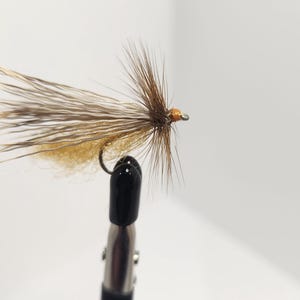 May include: A handmade fishing fly, close up. The fly has a hook with a brown and tan body, and brown and tan feather detailing. It is held in a black clamp against a white backdrop.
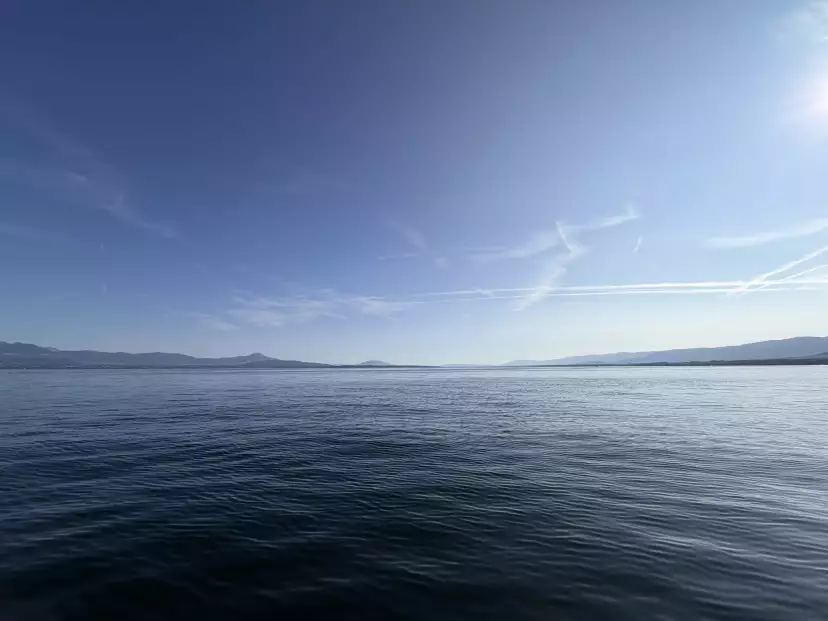 Wide blue sky horizon on blue lake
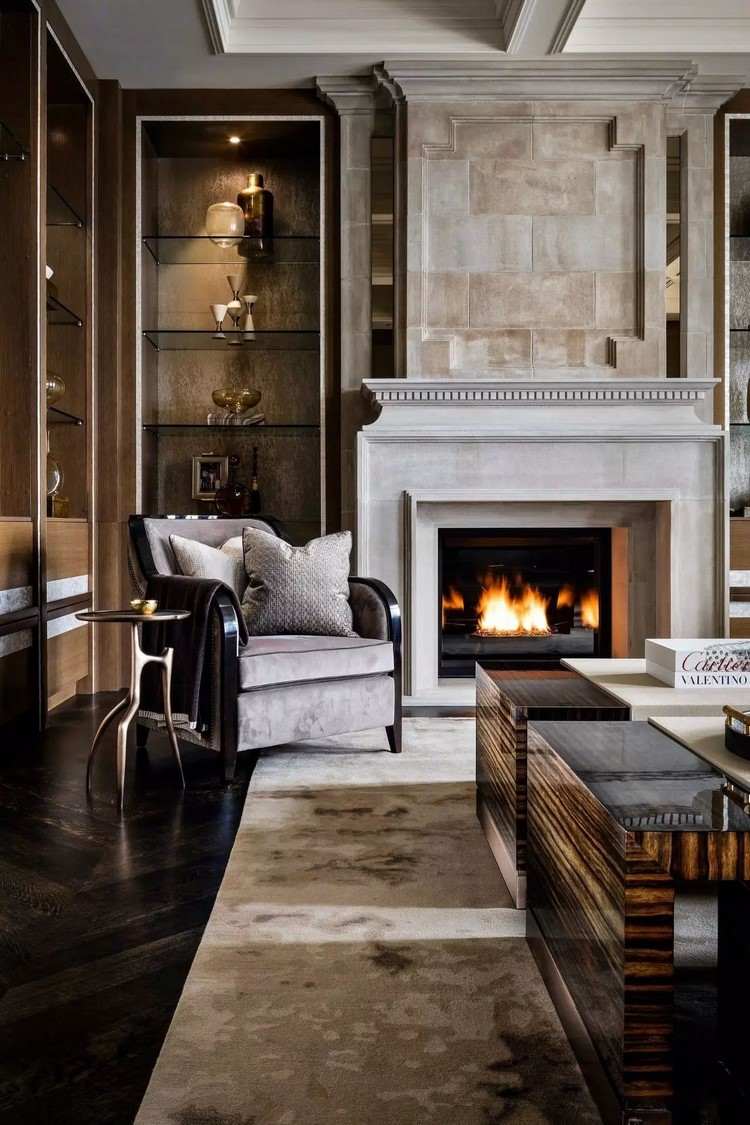 living room design built in shelves fireplace and dark flooring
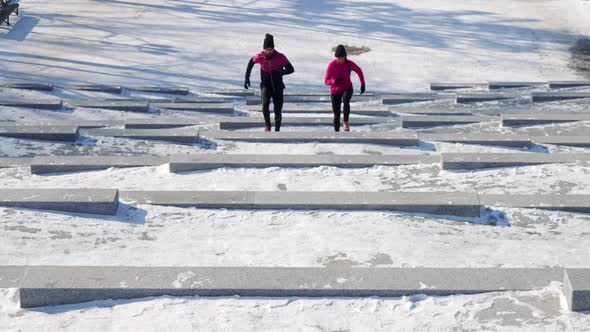 Fit Couple Running on Stairs in Winter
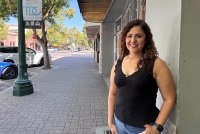 A photo of a woman standing outside.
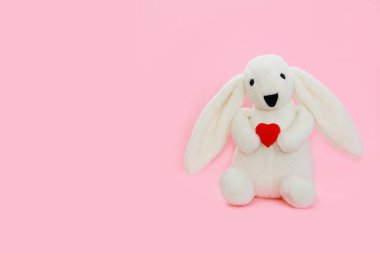 children's toy white plush bunny with long ears holds a red heart in its paws on a pink background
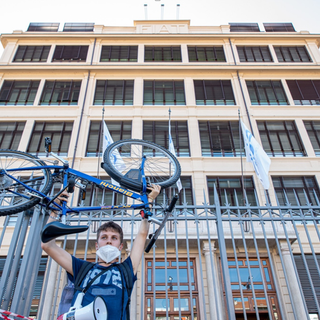 ragazzo che solleva una bicicletta davanti a ex sede Fiat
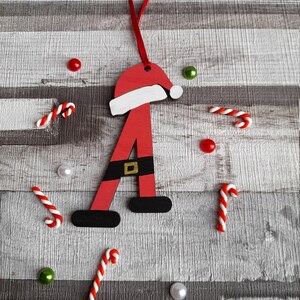 May include: Red wooden Christmas ornament shaped like the letter A, with a Santa hat and a black belt. The ornament is surrounded by candy canes, red and green beads, and white pearls on a woodgrain background.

Task requirements — All pictures should be dropped; the lines from the one containing "children's toy white" through the last line of the material are to be set down exactly.

Your solution —
 children's toy white plush bunny with long ears holds a red heart in its paws on a pink background
 ragazzo che solleva una bicicletta davanti a ex sede Fiat
 May include: Red wooden Christmas ornament shaped like the letter A, with a Santa hat and a black belt. The ornament is surrounded by candy canes, red and green beads, and white pearls on a woodgrain background.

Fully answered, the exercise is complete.